▸ DATA SECTION:
* * *

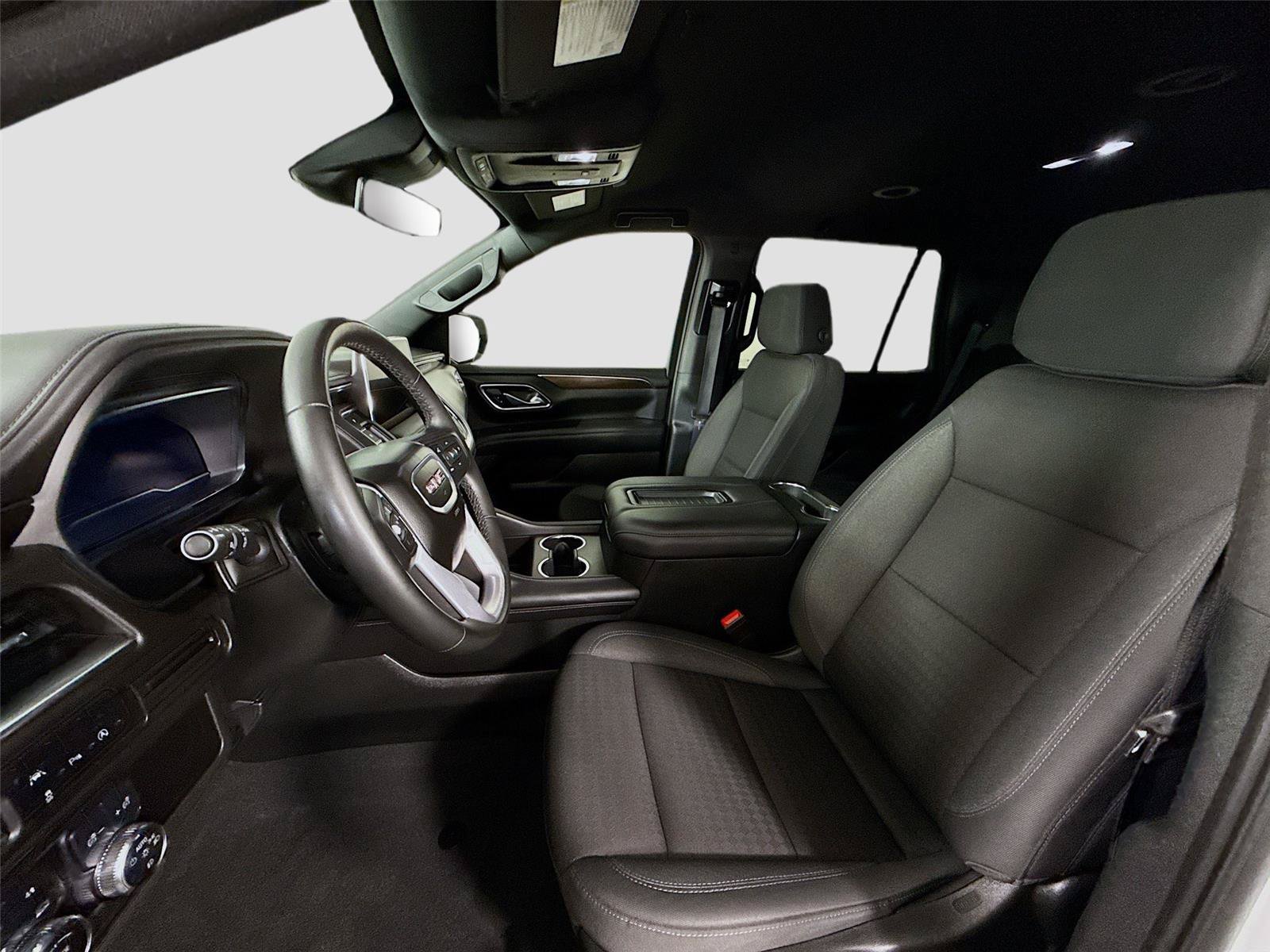 Used 2024 GMC Yukon SLE AWD/4WD image 14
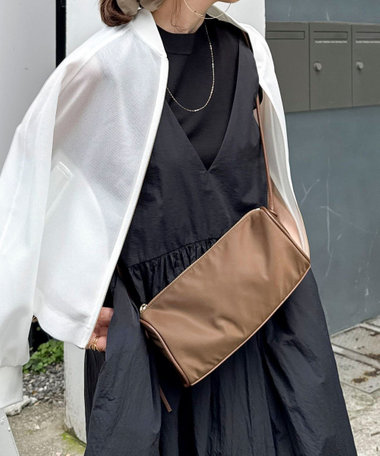 ナイロンショルダーバッグ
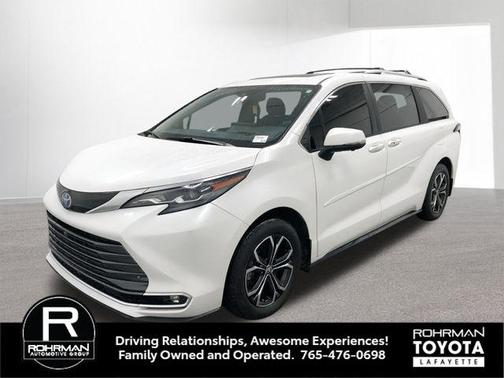 Wind Chill Pearl 2025 Toyota Sienna Platinum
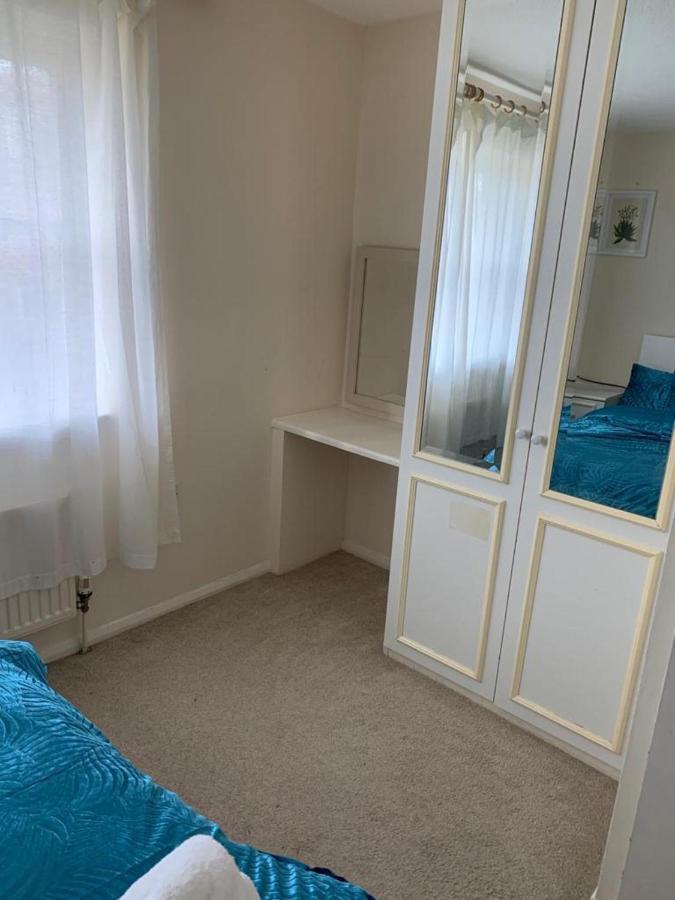 Charming 2-bed House In Londres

* * *

▸ WORK INSTRUCTIONS:
Write out the material above exactly, and omit the pictures it holds.

▸ RESULT:
 Used 2024 GMC Yukon SLE AWD/4WD image 14
 ナイロンショルダーバッグ
 Wind Chill Pearl 2025 Toyota Sienna Platinum
 Charming 2-bed House In Londres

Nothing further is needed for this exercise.